(Assignment) Determine how many lines of the entries include the word "seating", and report that number with no further text.

Collected data entries

|---|

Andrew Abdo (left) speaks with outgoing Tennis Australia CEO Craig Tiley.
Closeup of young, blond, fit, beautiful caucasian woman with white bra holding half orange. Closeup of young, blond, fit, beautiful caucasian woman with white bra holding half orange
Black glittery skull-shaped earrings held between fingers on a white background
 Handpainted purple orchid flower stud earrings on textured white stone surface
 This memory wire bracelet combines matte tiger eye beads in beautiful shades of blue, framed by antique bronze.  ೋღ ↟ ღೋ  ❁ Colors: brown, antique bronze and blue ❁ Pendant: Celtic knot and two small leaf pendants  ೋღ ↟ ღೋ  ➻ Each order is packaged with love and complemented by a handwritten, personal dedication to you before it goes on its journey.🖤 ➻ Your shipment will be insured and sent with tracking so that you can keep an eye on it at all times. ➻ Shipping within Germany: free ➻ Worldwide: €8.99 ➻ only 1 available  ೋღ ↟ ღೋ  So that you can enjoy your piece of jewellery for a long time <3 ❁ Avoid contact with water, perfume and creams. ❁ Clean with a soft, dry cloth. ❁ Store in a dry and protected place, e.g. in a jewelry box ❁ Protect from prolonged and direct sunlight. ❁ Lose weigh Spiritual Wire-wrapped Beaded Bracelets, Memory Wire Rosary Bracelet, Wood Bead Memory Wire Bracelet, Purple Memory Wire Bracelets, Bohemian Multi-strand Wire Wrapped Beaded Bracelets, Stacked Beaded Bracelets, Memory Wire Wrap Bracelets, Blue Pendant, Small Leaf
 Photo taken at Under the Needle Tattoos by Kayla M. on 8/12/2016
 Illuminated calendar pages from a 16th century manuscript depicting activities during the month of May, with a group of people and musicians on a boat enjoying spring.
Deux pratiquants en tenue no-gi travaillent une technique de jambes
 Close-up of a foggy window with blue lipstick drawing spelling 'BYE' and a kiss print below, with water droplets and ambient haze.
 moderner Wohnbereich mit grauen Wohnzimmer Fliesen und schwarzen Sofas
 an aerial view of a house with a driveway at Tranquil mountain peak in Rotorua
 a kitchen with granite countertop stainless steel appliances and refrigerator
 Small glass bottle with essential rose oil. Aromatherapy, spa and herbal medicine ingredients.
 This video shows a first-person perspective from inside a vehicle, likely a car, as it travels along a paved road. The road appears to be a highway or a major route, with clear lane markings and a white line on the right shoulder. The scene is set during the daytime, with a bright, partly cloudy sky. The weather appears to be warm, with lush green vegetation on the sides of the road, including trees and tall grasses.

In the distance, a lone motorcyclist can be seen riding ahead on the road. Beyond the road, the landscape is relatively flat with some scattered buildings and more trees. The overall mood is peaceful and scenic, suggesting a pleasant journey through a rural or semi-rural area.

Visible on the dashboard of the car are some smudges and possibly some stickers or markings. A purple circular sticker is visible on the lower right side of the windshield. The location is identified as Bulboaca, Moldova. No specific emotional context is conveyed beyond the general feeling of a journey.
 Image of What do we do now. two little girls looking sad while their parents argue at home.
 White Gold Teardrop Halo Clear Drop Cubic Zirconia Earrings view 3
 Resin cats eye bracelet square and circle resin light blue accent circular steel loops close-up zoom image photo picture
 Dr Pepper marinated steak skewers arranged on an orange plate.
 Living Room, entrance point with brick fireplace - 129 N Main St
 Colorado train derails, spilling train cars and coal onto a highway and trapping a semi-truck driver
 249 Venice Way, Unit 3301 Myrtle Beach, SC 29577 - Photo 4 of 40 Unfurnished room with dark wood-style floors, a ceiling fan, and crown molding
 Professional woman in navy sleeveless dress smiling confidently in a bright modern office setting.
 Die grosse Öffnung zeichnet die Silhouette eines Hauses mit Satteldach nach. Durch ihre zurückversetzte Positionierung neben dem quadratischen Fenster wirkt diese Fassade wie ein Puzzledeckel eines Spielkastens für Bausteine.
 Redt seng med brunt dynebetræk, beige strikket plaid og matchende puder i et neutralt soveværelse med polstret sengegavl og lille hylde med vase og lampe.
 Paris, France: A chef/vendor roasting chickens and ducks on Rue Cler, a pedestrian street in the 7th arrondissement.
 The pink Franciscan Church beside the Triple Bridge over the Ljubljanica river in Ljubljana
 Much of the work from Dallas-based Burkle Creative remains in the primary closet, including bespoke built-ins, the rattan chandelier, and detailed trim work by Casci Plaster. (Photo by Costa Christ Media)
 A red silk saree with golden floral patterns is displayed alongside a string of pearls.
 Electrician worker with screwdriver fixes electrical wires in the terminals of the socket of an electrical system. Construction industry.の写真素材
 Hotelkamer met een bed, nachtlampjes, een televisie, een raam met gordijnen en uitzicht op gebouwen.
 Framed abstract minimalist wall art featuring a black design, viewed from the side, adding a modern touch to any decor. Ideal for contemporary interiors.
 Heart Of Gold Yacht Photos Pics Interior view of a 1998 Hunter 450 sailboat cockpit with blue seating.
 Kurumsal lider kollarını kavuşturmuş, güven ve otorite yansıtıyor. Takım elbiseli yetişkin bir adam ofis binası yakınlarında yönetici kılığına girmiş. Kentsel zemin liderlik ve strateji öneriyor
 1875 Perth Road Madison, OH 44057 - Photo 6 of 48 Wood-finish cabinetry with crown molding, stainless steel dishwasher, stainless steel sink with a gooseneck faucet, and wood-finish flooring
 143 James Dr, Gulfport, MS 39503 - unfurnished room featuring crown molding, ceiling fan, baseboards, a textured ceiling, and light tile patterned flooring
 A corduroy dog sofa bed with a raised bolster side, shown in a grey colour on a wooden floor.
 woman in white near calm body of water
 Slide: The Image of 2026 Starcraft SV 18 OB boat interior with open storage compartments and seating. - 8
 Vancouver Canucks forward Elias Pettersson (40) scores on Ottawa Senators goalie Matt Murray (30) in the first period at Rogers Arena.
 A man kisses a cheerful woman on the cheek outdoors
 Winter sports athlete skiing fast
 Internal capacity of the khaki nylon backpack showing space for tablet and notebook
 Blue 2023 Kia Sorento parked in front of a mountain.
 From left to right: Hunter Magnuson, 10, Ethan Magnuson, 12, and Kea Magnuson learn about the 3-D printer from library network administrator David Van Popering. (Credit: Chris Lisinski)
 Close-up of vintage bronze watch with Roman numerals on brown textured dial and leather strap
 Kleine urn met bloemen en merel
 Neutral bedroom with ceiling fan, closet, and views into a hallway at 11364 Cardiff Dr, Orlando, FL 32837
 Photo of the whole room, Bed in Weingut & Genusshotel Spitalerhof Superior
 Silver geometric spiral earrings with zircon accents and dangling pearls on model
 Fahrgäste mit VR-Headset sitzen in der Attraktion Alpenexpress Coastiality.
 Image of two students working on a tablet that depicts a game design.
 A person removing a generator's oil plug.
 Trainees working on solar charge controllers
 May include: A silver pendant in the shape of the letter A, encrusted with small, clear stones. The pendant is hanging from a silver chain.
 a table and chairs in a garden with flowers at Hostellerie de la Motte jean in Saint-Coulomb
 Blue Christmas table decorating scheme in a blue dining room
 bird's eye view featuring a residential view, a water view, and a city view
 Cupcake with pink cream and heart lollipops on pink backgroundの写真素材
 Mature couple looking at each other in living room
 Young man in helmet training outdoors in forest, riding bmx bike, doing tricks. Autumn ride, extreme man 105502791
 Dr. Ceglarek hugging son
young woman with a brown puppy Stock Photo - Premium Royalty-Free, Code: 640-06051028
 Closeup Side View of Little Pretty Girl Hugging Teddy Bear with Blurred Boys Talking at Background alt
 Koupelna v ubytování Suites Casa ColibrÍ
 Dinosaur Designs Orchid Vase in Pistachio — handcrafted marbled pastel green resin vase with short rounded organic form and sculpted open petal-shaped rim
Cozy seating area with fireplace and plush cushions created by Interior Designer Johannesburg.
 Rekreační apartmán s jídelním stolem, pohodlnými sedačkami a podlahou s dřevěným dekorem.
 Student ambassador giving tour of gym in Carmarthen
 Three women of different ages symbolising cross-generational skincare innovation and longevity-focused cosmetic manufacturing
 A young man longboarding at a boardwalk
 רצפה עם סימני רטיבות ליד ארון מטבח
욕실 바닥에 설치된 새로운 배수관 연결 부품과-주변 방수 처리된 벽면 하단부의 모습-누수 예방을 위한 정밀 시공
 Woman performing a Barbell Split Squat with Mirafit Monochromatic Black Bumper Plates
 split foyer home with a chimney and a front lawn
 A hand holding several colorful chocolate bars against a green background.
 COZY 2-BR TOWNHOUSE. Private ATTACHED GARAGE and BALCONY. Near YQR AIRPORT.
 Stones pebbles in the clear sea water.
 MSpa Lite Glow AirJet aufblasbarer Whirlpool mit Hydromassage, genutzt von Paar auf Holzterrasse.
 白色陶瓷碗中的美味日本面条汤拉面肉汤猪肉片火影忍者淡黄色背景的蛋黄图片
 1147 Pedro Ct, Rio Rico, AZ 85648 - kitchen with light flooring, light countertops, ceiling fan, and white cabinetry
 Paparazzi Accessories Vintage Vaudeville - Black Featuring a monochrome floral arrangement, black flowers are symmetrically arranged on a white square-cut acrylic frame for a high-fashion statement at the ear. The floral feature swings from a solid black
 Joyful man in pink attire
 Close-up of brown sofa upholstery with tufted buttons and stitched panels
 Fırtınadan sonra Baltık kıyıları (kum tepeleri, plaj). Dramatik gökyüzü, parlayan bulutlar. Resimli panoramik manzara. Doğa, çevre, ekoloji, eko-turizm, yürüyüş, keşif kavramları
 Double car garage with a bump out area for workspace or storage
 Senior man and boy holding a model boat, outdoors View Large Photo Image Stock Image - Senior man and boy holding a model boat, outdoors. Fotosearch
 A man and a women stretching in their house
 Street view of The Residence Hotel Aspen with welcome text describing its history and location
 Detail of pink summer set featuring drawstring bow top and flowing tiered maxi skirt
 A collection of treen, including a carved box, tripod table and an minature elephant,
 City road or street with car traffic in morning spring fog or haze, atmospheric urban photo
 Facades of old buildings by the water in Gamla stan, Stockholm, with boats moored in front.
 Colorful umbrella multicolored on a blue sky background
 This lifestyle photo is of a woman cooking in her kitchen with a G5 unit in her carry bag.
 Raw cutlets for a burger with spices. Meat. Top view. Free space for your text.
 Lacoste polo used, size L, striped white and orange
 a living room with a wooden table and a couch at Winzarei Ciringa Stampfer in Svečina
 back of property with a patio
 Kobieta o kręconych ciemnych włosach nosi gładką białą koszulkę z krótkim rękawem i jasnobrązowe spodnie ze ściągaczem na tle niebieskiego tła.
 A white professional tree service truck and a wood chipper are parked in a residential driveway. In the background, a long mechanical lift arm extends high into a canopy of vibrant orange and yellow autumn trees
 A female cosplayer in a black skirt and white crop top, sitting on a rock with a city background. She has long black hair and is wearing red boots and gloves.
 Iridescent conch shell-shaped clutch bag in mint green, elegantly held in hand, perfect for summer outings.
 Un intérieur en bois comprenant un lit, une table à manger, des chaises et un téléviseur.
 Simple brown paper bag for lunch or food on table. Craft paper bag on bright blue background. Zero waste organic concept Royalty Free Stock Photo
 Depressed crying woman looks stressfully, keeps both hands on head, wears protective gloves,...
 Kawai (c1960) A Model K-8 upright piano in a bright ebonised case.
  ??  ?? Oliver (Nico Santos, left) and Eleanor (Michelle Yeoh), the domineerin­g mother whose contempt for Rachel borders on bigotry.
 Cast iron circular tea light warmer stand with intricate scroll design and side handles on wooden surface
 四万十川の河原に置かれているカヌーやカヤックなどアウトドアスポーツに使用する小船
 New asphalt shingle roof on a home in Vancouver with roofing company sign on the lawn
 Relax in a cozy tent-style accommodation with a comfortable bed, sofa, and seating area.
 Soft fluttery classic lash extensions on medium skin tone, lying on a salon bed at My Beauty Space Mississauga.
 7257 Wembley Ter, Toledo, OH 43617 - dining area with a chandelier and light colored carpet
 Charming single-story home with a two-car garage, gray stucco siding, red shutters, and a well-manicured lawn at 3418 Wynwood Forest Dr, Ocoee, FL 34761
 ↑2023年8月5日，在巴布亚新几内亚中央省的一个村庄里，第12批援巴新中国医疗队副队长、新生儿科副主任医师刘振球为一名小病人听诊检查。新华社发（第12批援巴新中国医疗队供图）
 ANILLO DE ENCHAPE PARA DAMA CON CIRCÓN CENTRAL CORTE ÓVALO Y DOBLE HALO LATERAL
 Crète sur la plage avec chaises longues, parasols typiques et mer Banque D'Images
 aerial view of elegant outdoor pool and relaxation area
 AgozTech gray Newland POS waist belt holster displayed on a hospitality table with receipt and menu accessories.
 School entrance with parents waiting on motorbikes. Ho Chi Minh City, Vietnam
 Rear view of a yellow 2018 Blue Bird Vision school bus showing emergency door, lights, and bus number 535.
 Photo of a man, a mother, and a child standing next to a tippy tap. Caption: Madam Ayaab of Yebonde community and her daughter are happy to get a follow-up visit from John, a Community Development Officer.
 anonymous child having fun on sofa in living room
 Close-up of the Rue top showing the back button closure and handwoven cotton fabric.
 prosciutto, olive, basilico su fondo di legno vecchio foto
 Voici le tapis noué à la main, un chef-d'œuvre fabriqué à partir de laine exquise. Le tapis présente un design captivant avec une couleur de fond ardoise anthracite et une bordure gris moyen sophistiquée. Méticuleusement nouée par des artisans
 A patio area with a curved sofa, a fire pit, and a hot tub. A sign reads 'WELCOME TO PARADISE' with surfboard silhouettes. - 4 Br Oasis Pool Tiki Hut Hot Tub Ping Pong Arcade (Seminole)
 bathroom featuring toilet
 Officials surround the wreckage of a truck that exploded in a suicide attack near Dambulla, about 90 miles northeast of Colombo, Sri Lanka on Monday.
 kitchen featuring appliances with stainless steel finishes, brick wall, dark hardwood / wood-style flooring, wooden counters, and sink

|---|

(Exercise output) 4